Developer Documentation

A DataSource is basically a Javascript function which gathers data. This can be done via eventListener functions, after regular time intervals, or any other way you can think of. The created datapoints are then passed to the Metro Client which we provide in the code and automatically sent off to Metro.

Assuming you have a DataSource attached to a Project and some users have enabled the DataSource, the only other thing you need to do as a developer is to pick up your data at the other end of the system by clicking the "Download Data" button in your Project's page.


Here we will do a full walkthrough of creating a DataSource which calculates the dwell time of the user on a website. It's one of the more basic types of DataSource possible but hopefully it gives a clear indication of what kind of things are possible.

Getting the repo and setup

The first step is to fork our DataSource repository, which can be found here. Then clone your fork down on to your machine.

You can copy the example DataSource directory and re-name it - e.g. cp -R example-datasource my-datasource. Move into this directory and you will see the three files you need to create to make your datasource: manifest.json, schema.json and plugin.js:

Structure of the files

manifest.json

This file contains metadata concerning your new datasource.

  • name

    DataSource name. Must match the directory name of your DataSource in the repository.

  • author

    Must match your Metro username or else the merge will silently fail.

  • description
    • This should be a description of what exact data your datasource gathers.
    • It needs to be easily understandable, containing no technical terms that an average user wouldn't understand. Think about how you would explain what the datasource does to your grandparents!
    • See the example datasources for some examples.
  • version

    The release version of the DataSource. General structure of major_release_number.minor_release_number.maintenance_release_number applies - e.g. 1.3.1

  • sites

    This is a list of regex-like strings which describes the URLs on which the DataSource will be active.

schema.json

This file describes the JSON object which the DataSource will be giving to the MetroClient to send.
It must be a plain (i.e. not nested) JSON dictionary where the keys match the keys of the data point's JSON Object.

plugin.js

  • This file is where the code to gather the data lives.
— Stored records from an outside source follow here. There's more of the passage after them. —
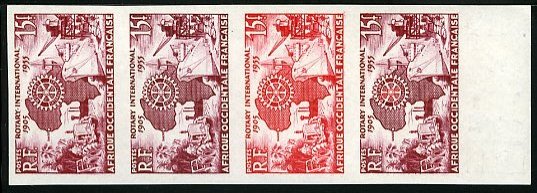 Fr_West_Africa_1955_Yvert_53-Scott_64_four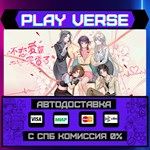 *Love Curse: Find Your Soulma**АВТОВЫДАЧА**STEAM G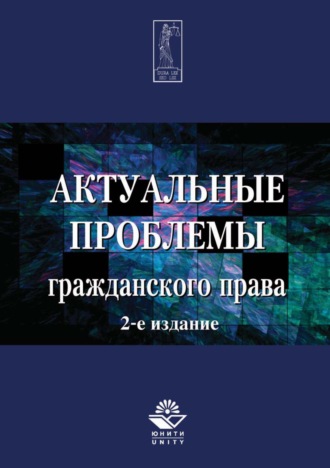 . Актуальные проблемы гражданского права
It must contain one function, initDataSource(metroClient) which is the entry point of your code.
  • The metroClient object is detailed below.

First Steps

After making your schema and manifest files, you want to start on your plugin. First you should start with a simple initDataSource with a log statement to verify your plugin is running:

function initDataSource(metroClient) {
    console.log("Datasource running!");
}

You have two options at this point, you can push this initial branch of code to your fork of the project or you can run a simple HTTP server locally. You just need this code to be accessible via a HTTP call.

Testing a fork

  • This is the easiest way. First commit your code and push it to somewhere publicly accessible. In this case, github.
  • Then navigate to the RAW version of your source file. e.g. https://raw.githubusercontent.com/RoryOfByrne/MetroDataSources/wikipedia-dwell-time/datasources/wikipedia-dwell-time/plugin.js.
  • Take this URL and remove the plugin.js part.
  • Paste this base URL into the input box in the Metro settings dev mode and hit enter.
  • Your Datasource should now be running!

Testing from localhost

  • You shouldn't need any help if you want to do it this way! Make the datasource directory accessible over HTTP. Using python, you can do this by running: python -m http.server 8000 from the directory containing your datasource.
  • Now open the Metro settings dev mode view and type the URL to access it followed by enter. In my example, that's http://127.0.0.1:8000/

Open up the developer console by hitting ctrl + shift + i and you should see that your datasource is loading and printing to the console when you visit a page allowed by your manifest file.

Gathering Some Data

For this simple example, we just want to gather dwell time information on wikipedia pages. The specific datapoints we want are:

  • Page Load - The Unix time in ms of when the page was first loaded.
  • Page Leave - The Unix time in ms of when the page was left.
  • URL - The URL of the wikipedia page the user was on.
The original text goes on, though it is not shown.